- 1950 US Theatrical Poster
- Directed by: Otto Preminger
- Screenplay by: Walter Reisch Dorothy Parker Ross Evans
- Based on: Lady Windermere's Fan by Oscar Wilde
- Produced by: Otto Preminger
- Starring: Jeanne Crain Madeleine Carroll George Sanders Richard Greene
- Cinematography: Joseph LaShelle
- Edited by: Louis Loeffler
- Music by: Daniele Amfitheatrof
- Production company: 20th Century Fox
- Distributed by: 20th Century Fox
- Release date: April 1, 1949;
- Running time: 79 minutes
- Country: United States
- Language: English

= The Fan (1949 film) =

1949 film by Otto Preminger

The Fan is a 1949 American drama film directed by Otto Preminger, starring Jeanne Crain, Madeleine Carroll, George Sanders, and Richard Greene.
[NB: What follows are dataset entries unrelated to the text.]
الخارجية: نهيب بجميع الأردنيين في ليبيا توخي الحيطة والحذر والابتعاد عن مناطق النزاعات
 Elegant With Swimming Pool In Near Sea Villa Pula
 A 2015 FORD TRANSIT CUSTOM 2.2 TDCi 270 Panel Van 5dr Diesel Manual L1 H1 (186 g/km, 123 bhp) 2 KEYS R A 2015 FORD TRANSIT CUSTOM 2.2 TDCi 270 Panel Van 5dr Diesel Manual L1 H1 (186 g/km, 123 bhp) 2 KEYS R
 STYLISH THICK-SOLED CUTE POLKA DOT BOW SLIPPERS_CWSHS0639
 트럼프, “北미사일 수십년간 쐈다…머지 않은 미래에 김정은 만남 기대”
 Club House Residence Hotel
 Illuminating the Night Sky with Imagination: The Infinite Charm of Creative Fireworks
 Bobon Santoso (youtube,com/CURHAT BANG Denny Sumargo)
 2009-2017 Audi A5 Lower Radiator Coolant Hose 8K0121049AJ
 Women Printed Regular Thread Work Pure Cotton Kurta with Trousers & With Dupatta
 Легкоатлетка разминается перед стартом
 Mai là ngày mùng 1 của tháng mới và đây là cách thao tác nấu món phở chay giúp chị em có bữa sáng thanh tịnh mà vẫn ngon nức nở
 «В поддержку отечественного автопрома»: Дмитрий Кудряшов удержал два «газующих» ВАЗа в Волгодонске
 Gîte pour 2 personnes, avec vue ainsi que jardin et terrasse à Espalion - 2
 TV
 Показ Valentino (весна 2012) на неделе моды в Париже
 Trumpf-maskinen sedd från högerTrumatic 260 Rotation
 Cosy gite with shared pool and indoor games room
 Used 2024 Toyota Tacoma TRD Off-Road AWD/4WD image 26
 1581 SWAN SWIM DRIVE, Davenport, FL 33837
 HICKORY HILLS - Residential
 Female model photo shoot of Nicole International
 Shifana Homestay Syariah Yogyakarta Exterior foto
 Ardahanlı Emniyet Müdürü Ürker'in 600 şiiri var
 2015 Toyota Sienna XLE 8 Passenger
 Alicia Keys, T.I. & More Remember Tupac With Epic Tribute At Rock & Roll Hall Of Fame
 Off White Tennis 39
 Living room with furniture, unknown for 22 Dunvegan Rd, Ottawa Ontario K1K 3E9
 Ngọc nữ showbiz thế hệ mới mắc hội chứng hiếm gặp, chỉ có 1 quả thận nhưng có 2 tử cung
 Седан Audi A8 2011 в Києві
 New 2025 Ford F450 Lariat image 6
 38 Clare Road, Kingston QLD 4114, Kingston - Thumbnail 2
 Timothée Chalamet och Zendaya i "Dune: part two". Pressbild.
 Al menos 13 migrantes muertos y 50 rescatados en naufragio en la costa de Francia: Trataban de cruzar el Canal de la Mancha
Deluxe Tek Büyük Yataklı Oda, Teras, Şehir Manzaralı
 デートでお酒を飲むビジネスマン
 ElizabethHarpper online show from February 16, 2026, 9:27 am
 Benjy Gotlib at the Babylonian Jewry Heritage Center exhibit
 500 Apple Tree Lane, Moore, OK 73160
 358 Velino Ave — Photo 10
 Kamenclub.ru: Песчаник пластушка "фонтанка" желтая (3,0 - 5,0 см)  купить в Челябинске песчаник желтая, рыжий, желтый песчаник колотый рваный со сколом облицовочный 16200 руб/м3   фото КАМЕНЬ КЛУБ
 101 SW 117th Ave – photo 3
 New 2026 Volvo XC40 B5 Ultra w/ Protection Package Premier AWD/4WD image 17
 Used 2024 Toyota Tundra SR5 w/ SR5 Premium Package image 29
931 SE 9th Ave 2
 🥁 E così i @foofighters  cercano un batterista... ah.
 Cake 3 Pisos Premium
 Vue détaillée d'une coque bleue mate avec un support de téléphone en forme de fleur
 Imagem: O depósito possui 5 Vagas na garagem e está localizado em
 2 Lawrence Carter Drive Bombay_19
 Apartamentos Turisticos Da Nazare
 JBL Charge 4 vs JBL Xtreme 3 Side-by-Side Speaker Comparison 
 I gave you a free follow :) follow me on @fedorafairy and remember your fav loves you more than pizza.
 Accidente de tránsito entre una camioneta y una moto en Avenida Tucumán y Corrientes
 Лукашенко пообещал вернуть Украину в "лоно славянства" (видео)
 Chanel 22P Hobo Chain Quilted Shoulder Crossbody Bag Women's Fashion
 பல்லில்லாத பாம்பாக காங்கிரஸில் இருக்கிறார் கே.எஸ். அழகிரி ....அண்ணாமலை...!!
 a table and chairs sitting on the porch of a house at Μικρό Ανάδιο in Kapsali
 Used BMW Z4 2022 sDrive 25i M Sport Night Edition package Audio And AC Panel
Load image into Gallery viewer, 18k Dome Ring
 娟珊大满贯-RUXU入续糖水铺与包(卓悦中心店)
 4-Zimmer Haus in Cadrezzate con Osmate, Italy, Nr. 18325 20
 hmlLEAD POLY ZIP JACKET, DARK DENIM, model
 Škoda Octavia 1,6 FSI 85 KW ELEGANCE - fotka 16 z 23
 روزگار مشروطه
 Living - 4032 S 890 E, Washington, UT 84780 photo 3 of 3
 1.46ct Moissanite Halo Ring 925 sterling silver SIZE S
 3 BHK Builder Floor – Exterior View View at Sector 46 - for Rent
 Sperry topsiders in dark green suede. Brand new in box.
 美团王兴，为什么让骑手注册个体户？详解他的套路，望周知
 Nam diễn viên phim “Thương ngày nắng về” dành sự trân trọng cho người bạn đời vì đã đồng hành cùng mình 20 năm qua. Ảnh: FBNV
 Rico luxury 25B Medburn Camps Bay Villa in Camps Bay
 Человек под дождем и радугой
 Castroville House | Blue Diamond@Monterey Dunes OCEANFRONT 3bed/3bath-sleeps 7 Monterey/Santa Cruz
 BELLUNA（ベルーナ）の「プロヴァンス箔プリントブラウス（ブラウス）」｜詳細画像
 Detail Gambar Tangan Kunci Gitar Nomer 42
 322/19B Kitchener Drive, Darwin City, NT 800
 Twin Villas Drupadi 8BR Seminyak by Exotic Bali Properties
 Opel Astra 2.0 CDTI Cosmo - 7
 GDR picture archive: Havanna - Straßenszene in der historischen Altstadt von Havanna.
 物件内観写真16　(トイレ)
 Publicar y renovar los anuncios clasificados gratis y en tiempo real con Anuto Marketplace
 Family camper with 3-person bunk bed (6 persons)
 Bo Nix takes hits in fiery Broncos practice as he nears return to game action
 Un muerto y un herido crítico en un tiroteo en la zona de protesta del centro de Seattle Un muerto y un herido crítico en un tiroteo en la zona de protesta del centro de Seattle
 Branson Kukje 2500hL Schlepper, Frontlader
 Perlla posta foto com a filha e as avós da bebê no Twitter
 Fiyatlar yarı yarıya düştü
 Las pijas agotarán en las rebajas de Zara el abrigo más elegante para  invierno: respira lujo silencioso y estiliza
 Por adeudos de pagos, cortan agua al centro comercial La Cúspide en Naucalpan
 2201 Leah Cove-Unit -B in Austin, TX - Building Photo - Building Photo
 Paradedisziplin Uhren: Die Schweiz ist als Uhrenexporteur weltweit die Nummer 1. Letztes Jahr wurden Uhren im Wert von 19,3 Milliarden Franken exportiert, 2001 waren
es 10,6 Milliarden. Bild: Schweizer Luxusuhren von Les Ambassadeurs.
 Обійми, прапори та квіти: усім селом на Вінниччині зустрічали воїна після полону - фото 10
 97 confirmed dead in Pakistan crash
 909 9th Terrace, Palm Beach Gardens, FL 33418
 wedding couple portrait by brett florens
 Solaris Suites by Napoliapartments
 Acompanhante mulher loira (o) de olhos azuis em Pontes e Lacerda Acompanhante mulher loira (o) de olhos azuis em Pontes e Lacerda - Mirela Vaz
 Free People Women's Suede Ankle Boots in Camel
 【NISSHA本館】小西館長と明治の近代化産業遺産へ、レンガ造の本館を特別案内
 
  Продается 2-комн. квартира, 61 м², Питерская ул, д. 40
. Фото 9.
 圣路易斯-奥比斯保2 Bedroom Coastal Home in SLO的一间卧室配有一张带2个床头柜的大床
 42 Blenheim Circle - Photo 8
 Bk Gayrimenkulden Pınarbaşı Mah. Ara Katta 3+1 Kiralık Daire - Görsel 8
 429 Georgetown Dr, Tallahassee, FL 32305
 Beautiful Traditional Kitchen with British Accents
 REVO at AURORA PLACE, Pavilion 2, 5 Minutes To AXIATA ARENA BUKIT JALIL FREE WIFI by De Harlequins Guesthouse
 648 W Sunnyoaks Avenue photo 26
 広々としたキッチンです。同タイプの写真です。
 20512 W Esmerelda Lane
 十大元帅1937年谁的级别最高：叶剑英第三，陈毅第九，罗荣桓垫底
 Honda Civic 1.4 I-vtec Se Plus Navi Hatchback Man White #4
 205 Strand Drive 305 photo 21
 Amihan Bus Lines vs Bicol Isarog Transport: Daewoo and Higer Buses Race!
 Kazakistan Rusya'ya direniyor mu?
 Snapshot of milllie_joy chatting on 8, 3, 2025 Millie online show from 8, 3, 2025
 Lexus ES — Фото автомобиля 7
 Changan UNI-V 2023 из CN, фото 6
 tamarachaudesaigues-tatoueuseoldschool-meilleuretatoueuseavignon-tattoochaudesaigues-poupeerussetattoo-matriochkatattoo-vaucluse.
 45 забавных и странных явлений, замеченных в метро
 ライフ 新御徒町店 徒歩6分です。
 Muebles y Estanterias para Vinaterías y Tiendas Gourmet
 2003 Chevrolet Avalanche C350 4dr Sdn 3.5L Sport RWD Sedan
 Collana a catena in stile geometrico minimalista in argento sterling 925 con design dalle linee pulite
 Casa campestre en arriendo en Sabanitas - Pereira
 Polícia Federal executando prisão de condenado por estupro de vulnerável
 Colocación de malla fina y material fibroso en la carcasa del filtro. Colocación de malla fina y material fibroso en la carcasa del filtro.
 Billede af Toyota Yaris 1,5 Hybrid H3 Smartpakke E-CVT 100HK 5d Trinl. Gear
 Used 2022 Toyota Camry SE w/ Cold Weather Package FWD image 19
The screenplay by Dorothy Parker, Walter Reisch, and Ross Evans is based on the 1892 play Lady Windermere's Fan by Oscar Wilde. The play had been filmed several times before, with a 1916 silent film, a later adaptation by Ernst Lubitsch in 1925 as well as versions in Spanish and Chinese.

==Plot==
In a post-World War II London auction house, an elderly woman is trying to acquire an attractive fan she claims was once hers. A flashback to the Victorian era reveals she is the scandalous Mrs. Erlynne, who in middle age becomes associated with Lord Arthur Windermere, whose young and beautiful but socially conservative wife Margaret tends to judge others harshly. Lord Windermere financially supports Mrs. Erlynne, allowing her to live in the elegant manner to which she is accustomed, and the couple become the favourite subject of local gossips. When Margaret hears the stories, she mistakenly believes the two are involved in a clandestine affair and subsequently succumbs to the charms of Lord Robert Darlington, who has made no secret of his ongoing romantic interest in her. However, she leaves her fan - the one Robert offered her for her birthday - in Robert's house. In order to ensure the younger woman does not make the same mistakes she has in the past, Mrs. Erlynne reveals a shocking secret: she is Lady Windermere's mother, whom Margaret believed had died after the woman abandoned her husband and daughter for another man. In order to protect Margaret's reputation, Mrs. Erlynne sacrifices her own happiness by placing herself in a compromising position that jeopardizes her pending marriage to Augustus Lorton.

==Cast==
- Jeanne Crain as Lady Margaret Windermere
- Madeleine Carroll as Mrs. Erlynne
- Richard Greene as Lord Arthur Windermere
- George Sanders as Lord Robert Darlington
- Martita Hunt as Duchess of Berwick
- John Sutton as Cecil Graham
- Hugh Dempster as Lord Augustus Lorton
- Richard Ney as James Hopper
- Virginia McDowall as Lady Agatha
- Randy Stuart as American Girl

==Principal production credits==
- Producer ..... Otto Preminger
- Original Music ..... Daniele Amfitheatrof
- Cinematography ..... Joseph LaShelle
- Art Direction ..... Leland Fuller, Lyle R. Wheeler
- Set Decoration ..... Paul S. Fox, Thomas Little
- Costume Design ..... René Hubert, Charles Le Maire

==Production==
Walter Reisch who worked on the script later recalled it as a "a non-Zanuck picture. Nothing could be further removed from his way of thinking than Oscar Wilde, or Lady Windemere, or Mrs. Erlynne. It was just too Victorian, too elegant, and too slow. Everyone spoke like everyone else, very stilted and mechanical dialogue—brilliant, the most wonderful dialogue on earth, but totally inhuman. Zanuck just didn't care for it, so Otto was left alone and it was dragged out... Nobody was hurt by the picture, and nobody was elated either."

==Reception==
===Box office===
Variety listed the film as a box office disappointment.

===Critical reception===
In his review in The New York Times, Bosley Crowther observed, "Most of the brittle wit and satire of Mr. Wilde's conversation piece has been lost in the making of this . . . nicely costumed picture [which] is a strangely uninspired nostalgic romance."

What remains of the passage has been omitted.